Of the 809 times that Mary Baker Eddy refers to Jesus in her writings, 646 of them are without reference to him in connection with "Christ." And though she refers to Christ 868 times, only 494 of those instances are where it is not in connection with "Jesus" or "the Church of Christ, Scientist."

Her relationship to Jesus has humbled me. One night, when my family was living in the carriage house at Eddy's last former home on Beacon Street in Chestnut Hill, I offered to do the security check on "the big house," -- a condition of our residency. As I climbed the stairs - flashlight in hand - I came to her bedroom, and paused. I was curious about the "images" that she surrounded herself with during her darkest hours.

Eddy faced many dark nights in that last house. Her days were filled with writing, healing, founding the Christian Science Monitor, helping to guide church leadership, and facing a world that questioned her every move and decision. Her household would later recount how dark those nights actually were for her at times.

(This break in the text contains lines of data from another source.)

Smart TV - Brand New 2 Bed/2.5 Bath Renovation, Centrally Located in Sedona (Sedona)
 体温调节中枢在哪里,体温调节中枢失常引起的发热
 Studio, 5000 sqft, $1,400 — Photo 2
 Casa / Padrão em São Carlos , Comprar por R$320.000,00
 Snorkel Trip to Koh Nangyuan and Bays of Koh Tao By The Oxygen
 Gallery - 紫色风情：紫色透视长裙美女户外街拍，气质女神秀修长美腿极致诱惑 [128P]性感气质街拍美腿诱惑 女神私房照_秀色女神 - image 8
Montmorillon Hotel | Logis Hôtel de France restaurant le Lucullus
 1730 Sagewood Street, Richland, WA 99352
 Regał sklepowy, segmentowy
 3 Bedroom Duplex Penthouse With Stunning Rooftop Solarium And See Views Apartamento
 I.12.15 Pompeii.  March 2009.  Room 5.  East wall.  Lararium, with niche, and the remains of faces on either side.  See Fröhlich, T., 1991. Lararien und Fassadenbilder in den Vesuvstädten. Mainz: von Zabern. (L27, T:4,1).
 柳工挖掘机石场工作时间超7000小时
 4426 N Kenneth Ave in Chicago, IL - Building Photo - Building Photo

And that night, I noted that on the wall, directly opposite her bed - in that small modest room, were three images. A small painting of a pastoral scene, a familiar painting of Daniel in the Lion's Den, and a portrait of Jesus. One that you might see in many Christian homes of her day.

It took my breath away - to think that she would wake in the night to a painting of Daniel's unfailing trust, a scene reminiscent of her girlhood in Bow, and a portrait of Jesus. I will never forget the feeling of wanting to feel what she had felt when she looked at it. It left me with a longing for something more than just words about Jesus. I wanted to know why his portrait hung on her bedroom wall and what it meant to her.

One night sitting alone in a dark apartment, I understood.